Don’t just be there when the initial shock of sudden death hits. Be there in the days, weeks, months and years after the funeral. Her needs will not stop after a few months or a couple years but they will change.
In The Beginning
This might mean holding her hand as she cries, handing her one tissue after another, letting her cry on your shoulder, a phone call to see how she is doing, a thinking of you card in the mail, or even an email.
She does not expect you to have the answer to the tough questions such as “Why?” She knows that only God knows why. She might still ask it, but knows you are unable to answer it. Just let her vent.
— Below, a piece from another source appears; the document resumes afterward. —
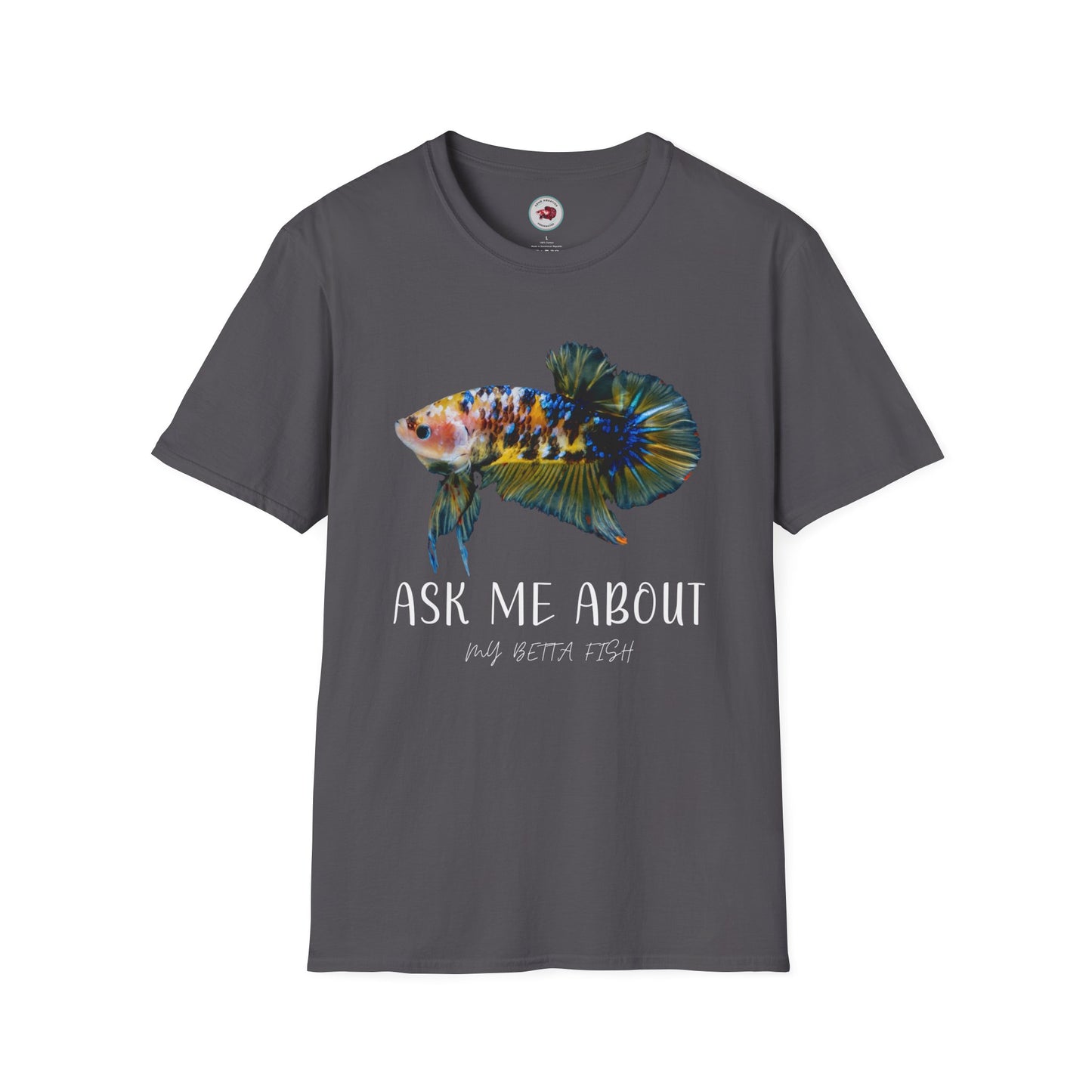 Ask Me About My Betta Unisex Softstyle T-Shirt ADHD Aquatics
Take a little time out of your day once a week or every other week to contact her and let her know you are thinking about her and are still there for her.
In The Middle
Her needs after a few months or years might be assistance with plumbing, car, and other mechanical issues as well as someone to mow the yard or fix her Playstation 3 that crashed and burned.
Most likely a widow will never remarry, so her widowhood experience will not end until her passing. It is not easy finding a good man to date.
Take the time to help a widow because you would want the same support if the roles were reversed – and some day they will be.
Don’t walk behind me; I may not lead. Don’t walk in front of me; I may not follow.
Just walk beside me and be my friend.
There is no greater loan than a sympathetic ear.